I have a set of data that must be processed simultaneously by using multi-threading, the number of data supposedly is bigger than the number of threads. I decided to put the data into some kind of a queue so each free thread can pop its part and process it until the queue is empty. I could use a simple STL queue and lock it by a mutex when I want to dequeue an element out of it, but I'd like to try a lock-free approach. At the same time my project is too small to depend on some 3rd-party library that provides lock-free structures, in fact I need only atomic dequeuing. So I decided to implement my own queue based on a vector with a pointer to the "head" and increment this pointer atomically:
template <typename T>
class AtomicDequeueable
{
public:
// Assumption: data vector never changes
AtomicDequeueable(const std::vector<T>& data) :
m_data(data),
m_pointer(ATOMIC_VAR_INIT(0))
{}
const T * const atomicDequeue()
{
if (std::atomic_load(&m_pointer) < m_data.size())
{
return &m_data
[
std::atomic_fetch_add(&m_pointer, std::size_t(1))
];
}
return nullptr;
}
private:
AtomicDequeueable(const AtomicDequeueable<T>&) {}
std::atomic_size_t m_pointer;
const std::vector<T>& m_data;
};
Threads' function looks as follows:
void f(AtomicDequeueable<Data>& queue)
{
while (auto dataPtr = queue.atomicDequeue())
{
const Data& data = *dataPtr;
// processing data...
std::this_thread::sleep_for(std::chrono::milliseconds(1));
}
}
My experience using lock-free structures and primitives is really poor, so I wonder: will my approach work properly? Surely I have tested it on Ideone, but I don't know how it will behave with real data.
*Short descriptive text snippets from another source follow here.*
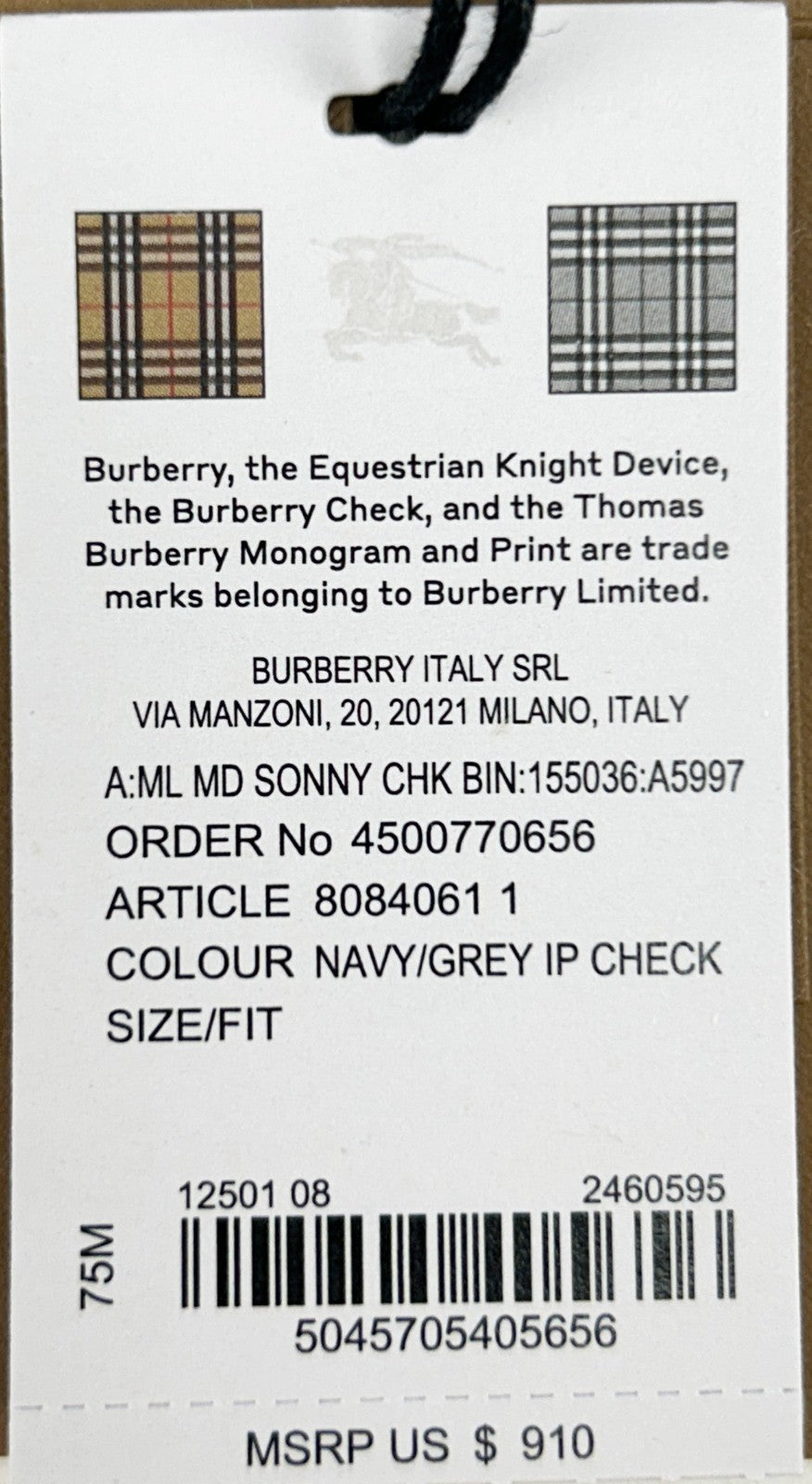 Burberry Burberry Medium Check Sonny Fanny Belt Women's Bag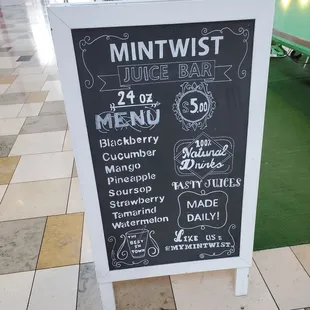 Mintwist Menu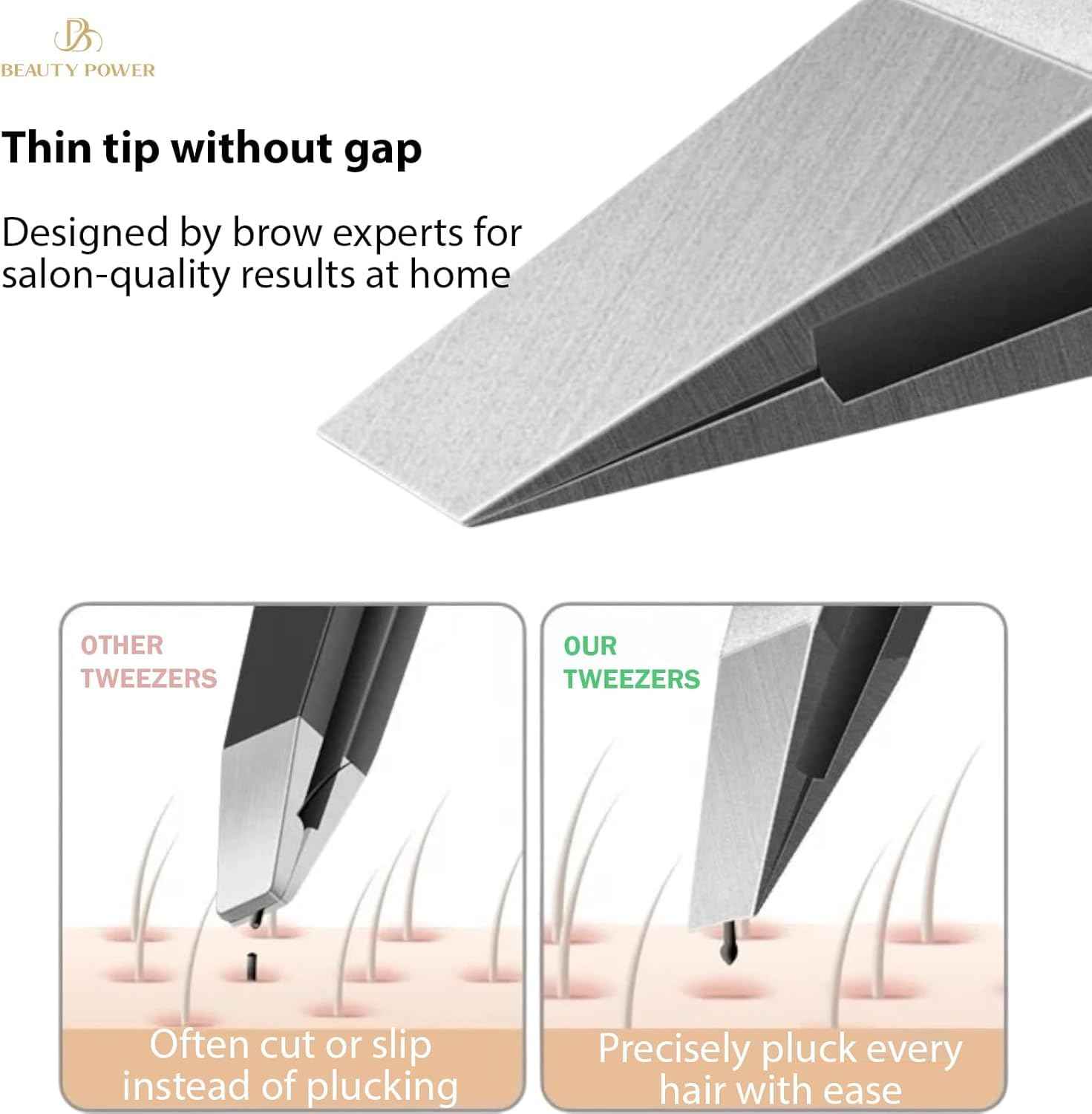 Beauty Power Professional Tweezers in Case - Slant, Durable Lightweight German Stainless Steel, Ultra Precision Tweezers for Eyebrows, Facial Hair, Chin, and Ingrown Hair Removal - Gift (Pink)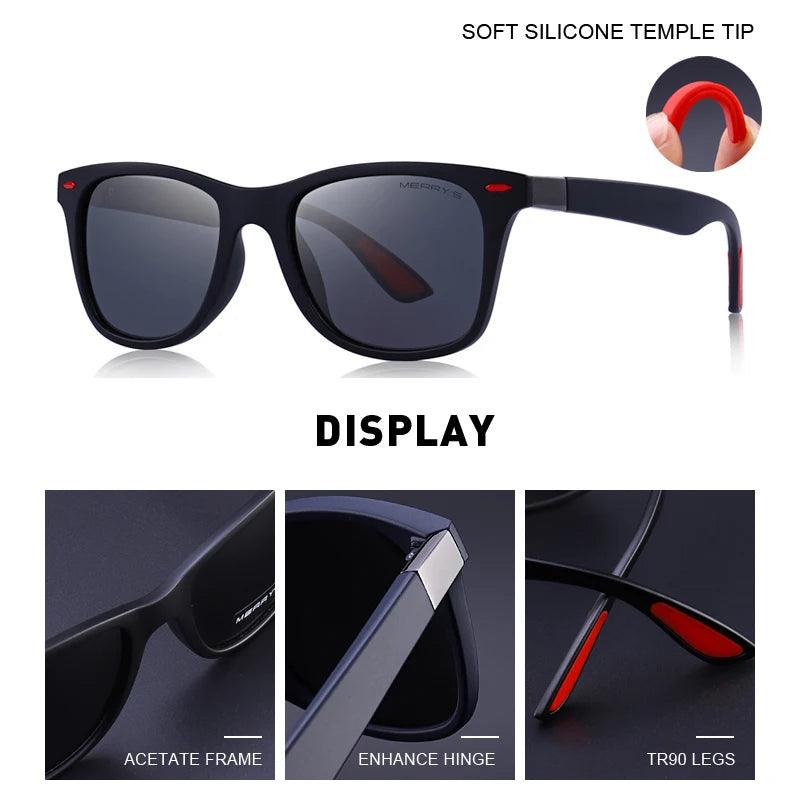 Unisex Classic Retro Polarized Sunglasses with UV Protection and Lightweight Square Frame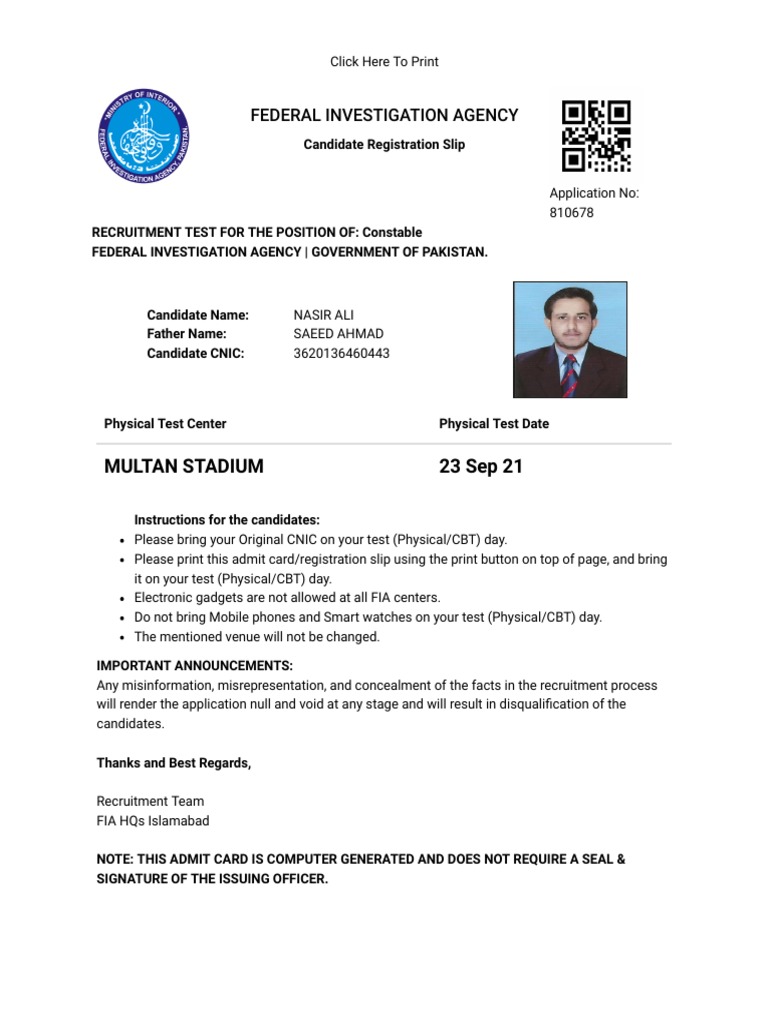 Federal Investigation Agency RECRUITMENT PHASE II | PDF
Currently, your atomicDequeue
function has a data race: it is possible for 2 threads to have both executed the first atomic
instruction before executing the second. However, this can be fixed as you really only need 1 atomic operation, as per the following change:
const T * const atomicDequeue()
{
auto myIndex = std::atomic_fetch_add(&m_pointer, std::size_t(1));
if(myIndex >= m_data.size())
return nullptr;
return &m_data[myIndex];
}
This works provided nothing modifies the input vector during thread operation.